A 1-ton, freakishly horned animal that was imported decades ago from Africa.
How Chief Came to Town
Chief is a 21-year-old African Watusi - an animal not often seen among the comfortable homes and small plots of farms in the Parkland area. He's big, moody and loves his goat friend named "Jacob."
Well, he's loved all three Jacobs that have been his friend, Merkle said.
"Chief keeps outliving all of his goat friends," Merkle said. "This is the third Jacob."
Merkle's father-in-law was a construction worker at county fairs decades ago. Somehow, he made friends with a rare animal breeder and importer at one of the fairs, they talked shop and BOOM, Chief was brought home to the small Parkland farm.

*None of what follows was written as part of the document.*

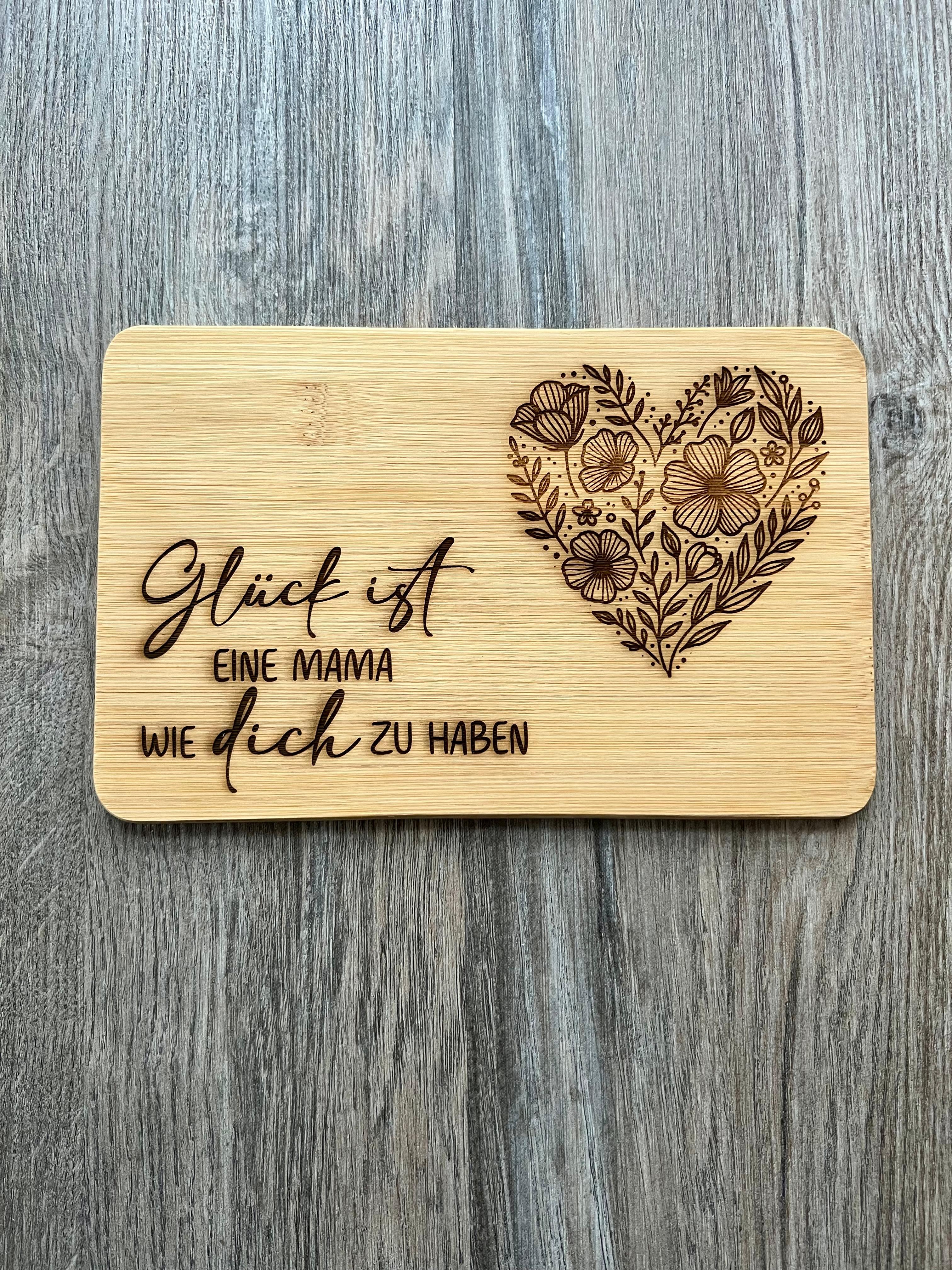 Frühstücksbrett "Glück ist eine Mama wie dich zu haben" mit Blumenherz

Raised by Merkle's father-in-law for 18 years, the care of the mercurial Chief fell on Merkle's husband after her father-in-law died. This worked out fine, Merkle said, as her husband was handy on the farm and knew his way around all kinds of livestock. Chief quickly became his best friend.
In February, however, Merkle's husband suddenly passed away.
"It was unexpected," Merkle said.
The death, understandably, left Merkle reeling. She was thrust into position as the sole caretaker of not only her 9-year-old son, but also Chief and Jacob, animals she knew little about. Not only that, but the financial burden of taking care of Chief on a single income was quickly realized.
"If you combine all his care, he probably costs $200-a-month," Merkle said. "He's not cheap."
Give him up, or keep him at home?
Of course, after the death of her husband, Merkle thought about giving up Chief. But she feared the death, along with the recent death of the family's two dogs, was already too much for her son. Giving up Chief would just add to the mourning family's grief.
"To see Chief go away, it would be devastating for (my son)," she said.
Rather than give him away, Merkle started a GoFundMe page called "Keep Chief Home."She hoped that many of the people who stopped in the neighborhood often to take pictures with Chief could donate a few dollars, and donate their time, too.
"I can't even clean the stall," Merkle said, reiterating that Chief's care was her late husband's responsibility.
Quickly, the neighborhood reached out. A livestock expert offered to donate his time twice a week to help look after Chief, giving him his required shots. The GoFundMe page quickly raised more than $3,000, enough to buy Chief a new water trough and pay for months of care.
Merkle is glad for the help, as it has given her time to look after more pressing priorities.
"I have a 9-year-old son," she said. "He has to come first."
Merkle is hoping to raise a few thousand dollars more, to ensure the care of the large African animal as she works her way through this tough transition period in her life. And maybe, after things settle down, she can persuade Chief to come to love her just like he loved her late husband.
"He's very emotional, like a dog," she said. "You can tell since my husband died he's been very down."